Thank you, but I'm a little confused on this bit: how did $\displaystyle 2 \cos{^2}{x} - 1 = \cos{(x)}$ become $\displaystyle 2 \cos{^2}{x} - 1 = \cos{(2x)}$?

5. If the equation in 1 is written correctly, you may disregard my first post.

For 2) use the double-angle identity that I worked out in the first post and substitute $\displaystyle 2 \cos{^2}{x} + 6 \sin{^2}{x} = 3$. Then:

$\displaystyle 2 \cos{^2}{x} + 2 \sin{^2}{x} + 4 \sin{^2}{x} = 3$

$\displaystyle 2 + 4 \sin{^2}{x} = 3$

$\displaystyle 4 \sin{^2}{x} = 1$

$\displaystyle \sin{^2}{x} = \frac{1}{4}$ and so

$\displaystyle \sin{x} = \frac{1}{2}$ or $\displaystyle \sin{x} = -\frac{1}{2}$

6. Originally Posted by augustfai
Thank you, but I'm a little confused on this bit: how did $\displaystyle 2 \cos{^2}{x} - 1 = \cos{(x)}$ become $\displaystyle 2 \cos{^2}{x} - 1 = \cos{(2x)}$?
The equation that I worked out is an identity. It wasn't actually solving an equation. Since it looked so close to the identity I just assumed you had copied it incorrectly, but that was my mistake.

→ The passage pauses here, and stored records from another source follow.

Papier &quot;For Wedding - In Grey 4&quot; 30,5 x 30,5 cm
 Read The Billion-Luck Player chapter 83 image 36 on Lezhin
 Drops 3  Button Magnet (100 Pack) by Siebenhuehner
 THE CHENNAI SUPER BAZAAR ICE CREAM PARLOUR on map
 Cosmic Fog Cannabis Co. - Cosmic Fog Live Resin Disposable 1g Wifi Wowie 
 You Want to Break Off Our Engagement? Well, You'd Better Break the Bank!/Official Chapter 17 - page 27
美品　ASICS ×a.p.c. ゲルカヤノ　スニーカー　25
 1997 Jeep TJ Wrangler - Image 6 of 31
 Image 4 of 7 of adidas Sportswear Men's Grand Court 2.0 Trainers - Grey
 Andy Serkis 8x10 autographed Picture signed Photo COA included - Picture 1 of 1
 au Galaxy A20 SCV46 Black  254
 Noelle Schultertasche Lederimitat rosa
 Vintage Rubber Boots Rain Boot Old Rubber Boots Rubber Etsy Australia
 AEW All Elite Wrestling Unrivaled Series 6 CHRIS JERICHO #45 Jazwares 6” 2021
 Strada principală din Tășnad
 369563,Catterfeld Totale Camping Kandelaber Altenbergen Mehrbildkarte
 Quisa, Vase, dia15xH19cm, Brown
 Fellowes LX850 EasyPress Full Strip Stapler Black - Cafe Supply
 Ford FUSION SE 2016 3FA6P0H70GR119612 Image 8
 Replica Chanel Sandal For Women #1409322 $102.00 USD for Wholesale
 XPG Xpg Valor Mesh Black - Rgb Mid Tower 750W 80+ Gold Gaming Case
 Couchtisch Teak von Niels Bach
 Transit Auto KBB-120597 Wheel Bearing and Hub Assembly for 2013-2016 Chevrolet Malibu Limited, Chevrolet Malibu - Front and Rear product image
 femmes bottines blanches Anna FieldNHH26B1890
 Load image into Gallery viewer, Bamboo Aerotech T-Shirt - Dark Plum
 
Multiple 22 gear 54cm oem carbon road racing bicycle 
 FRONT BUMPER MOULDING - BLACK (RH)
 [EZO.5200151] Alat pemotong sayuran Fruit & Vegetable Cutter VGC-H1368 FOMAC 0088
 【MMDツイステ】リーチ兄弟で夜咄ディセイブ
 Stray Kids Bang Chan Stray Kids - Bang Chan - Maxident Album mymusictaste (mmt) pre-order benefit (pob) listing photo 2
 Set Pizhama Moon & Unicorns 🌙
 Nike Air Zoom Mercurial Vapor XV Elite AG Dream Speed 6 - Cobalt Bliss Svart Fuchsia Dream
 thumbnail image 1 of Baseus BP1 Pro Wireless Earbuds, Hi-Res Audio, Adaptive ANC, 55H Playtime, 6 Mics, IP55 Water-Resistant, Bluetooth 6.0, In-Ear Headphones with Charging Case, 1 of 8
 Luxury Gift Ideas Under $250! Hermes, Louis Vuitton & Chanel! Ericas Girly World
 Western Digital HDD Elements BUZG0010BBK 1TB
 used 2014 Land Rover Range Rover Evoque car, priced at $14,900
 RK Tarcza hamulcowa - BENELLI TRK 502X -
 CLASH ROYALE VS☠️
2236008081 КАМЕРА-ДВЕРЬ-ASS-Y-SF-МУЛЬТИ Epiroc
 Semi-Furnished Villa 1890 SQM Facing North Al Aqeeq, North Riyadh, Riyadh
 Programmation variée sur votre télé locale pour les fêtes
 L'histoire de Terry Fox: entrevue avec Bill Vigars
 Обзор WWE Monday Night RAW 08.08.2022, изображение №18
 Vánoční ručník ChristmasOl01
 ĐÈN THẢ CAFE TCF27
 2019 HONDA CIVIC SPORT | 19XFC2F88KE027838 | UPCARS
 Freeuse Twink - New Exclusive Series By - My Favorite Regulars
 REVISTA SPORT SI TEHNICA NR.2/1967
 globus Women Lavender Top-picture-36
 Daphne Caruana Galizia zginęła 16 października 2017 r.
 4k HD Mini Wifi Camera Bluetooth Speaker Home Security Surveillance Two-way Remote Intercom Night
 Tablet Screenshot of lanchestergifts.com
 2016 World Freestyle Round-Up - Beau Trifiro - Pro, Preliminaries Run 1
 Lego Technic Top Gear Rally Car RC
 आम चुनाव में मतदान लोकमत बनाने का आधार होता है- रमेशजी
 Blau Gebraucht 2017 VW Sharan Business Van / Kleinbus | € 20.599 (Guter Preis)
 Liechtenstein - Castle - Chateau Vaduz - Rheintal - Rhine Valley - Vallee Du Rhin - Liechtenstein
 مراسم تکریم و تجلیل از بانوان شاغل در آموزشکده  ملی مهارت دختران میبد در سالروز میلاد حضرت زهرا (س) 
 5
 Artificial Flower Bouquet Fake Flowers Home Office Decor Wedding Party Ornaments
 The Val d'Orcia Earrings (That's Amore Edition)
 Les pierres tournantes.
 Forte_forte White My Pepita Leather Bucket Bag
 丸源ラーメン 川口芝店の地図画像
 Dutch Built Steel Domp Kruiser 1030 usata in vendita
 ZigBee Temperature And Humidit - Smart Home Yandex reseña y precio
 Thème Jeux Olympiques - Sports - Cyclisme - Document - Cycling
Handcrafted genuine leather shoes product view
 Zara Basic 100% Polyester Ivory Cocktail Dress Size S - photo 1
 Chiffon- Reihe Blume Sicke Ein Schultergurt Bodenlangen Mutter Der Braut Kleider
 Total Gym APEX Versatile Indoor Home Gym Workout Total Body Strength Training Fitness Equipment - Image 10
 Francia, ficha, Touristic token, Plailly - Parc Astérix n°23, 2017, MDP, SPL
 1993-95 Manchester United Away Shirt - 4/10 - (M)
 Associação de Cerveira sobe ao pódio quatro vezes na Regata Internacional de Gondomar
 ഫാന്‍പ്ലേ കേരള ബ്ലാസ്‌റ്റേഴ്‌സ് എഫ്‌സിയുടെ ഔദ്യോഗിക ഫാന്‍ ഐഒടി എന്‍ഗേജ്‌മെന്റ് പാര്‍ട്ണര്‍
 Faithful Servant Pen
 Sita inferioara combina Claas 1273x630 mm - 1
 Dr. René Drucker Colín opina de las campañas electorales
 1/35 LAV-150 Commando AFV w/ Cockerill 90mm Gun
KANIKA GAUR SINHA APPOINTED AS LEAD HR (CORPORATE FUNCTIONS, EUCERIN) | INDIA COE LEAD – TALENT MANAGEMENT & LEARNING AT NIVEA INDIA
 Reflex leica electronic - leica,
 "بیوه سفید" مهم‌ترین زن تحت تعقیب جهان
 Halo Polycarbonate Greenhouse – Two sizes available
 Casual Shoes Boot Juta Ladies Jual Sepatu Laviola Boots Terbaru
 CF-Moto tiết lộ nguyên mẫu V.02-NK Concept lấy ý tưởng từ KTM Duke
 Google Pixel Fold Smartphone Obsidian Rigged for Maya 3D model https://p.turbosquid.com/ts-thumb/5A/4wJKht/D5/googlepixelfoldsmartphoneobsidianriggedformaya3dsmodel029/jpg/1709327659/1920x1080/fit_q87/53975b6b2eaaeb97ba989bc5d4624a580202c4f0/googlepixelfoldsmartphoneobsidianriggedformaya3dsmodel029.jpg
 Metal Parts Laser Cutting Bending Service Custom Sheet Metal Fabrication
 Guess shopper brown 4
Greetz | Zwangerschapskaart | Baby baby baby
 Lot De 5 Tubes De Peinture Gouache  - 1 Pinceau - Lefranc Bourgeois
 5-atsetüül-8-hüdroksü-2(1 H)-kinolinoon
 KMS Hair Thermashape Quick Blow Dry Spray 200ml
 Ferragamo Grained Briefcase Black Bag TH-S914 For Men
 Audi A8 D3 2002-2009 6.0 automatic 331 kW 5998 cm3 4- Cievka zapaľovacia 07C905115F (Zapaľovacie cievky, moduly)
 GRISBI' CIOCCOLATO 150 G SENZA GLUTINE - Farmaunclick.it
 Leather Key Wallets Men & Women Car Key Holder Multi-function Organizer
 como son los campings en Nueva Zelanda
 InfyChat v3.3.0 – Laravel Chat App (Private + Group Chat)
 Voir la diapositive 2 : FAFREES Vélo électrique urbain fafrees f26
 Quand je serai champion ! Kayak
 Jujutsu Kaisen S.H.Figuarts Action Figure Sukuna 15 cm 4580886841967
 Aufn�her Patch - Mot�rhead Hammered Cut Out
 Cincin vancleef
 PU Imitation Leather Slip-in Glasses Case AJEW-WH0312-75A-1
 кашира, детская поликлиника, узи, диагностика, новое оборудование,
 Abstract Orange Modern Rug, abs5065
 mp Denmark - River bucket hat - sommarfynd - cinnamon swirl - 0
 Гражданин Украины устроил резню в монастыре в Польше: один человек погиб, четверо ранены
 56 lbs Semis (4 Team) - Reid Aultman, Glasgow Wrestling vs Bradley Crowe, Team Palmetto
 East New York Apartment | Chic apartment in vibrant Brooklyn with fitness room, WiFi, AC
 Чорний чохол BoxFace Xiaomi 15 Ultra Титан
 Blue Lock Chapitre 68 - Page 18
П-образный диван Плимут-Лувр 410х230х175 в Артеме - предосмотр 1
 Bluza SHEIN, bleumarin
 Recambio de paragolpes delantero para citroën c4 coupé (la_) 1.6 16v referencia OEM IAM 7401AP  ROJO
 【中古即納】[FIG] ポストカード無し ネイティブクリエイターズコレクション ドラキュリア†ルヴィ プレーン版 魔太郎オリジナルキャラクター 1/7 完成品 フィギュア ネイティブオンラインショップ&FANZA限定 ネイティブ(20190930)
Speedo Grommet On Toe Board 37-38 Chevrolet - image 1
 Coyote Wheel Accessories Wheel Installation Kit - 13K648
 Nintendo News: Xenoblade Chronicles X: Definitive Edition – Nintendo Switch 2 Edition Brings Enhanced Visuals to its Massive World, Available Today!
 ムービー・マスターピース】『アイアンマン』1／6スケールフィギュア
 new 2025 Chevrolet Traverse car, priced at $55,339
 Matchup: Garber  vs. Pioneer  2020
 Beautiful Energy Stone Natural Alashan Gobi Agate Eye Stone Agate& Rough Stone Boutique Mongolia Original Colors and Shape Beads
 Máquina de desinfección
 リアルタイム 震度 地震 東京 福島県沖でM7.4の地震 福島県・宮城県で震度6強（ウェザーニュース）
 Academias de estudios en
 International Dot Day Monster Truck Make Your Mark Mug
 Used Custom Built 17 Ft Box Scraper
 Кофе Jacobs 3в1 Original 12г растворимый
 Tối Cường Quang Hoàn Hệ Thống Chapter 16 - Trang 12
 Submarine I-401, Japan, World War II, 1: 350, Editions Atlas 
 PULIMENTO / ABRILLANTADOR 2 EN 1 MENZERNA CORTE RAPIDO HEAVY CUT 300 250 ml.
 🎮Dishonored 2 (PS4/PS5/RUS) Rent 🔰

7. Originally Posted by icemanfan
The equation that I worked out is an identity. It wasn't actually solving an equation. Since it looked so close to the identity I just assumed you had copied it incorrectly, but that was my mistake.
Ah, alright. Thank you. I actually don't know whether I'm supposed to use the double or the half-angle formulas, I assumed double since half doesn't seem to work out.

EDIT:
I think I sort of figured out the first one--

$\displaystyle 2 \cos{^2}{x} - 1 = \cos{(x)}$

turns into cos2x = cos x

What, then, from there?

8. Hello,

Originally Posted by augustfai
Ah, alright. Thank you. I actually don't know whether I'm supposed to use the double or the half-angle formulas, I assumed double since half doesn't seem to work out.

EDIT:
I think I sort of figured out the first one--

$\displaystyle 2 \cos{^2}{x} - 1 = \cos{(x)}$

turns into cos2x = cos x

What, then, from there?
cos(a)=cos(b) <=> a=b+2k pi, OR a=-b+2k pi

So... ?

9. I figured it out! Thanks, everyone.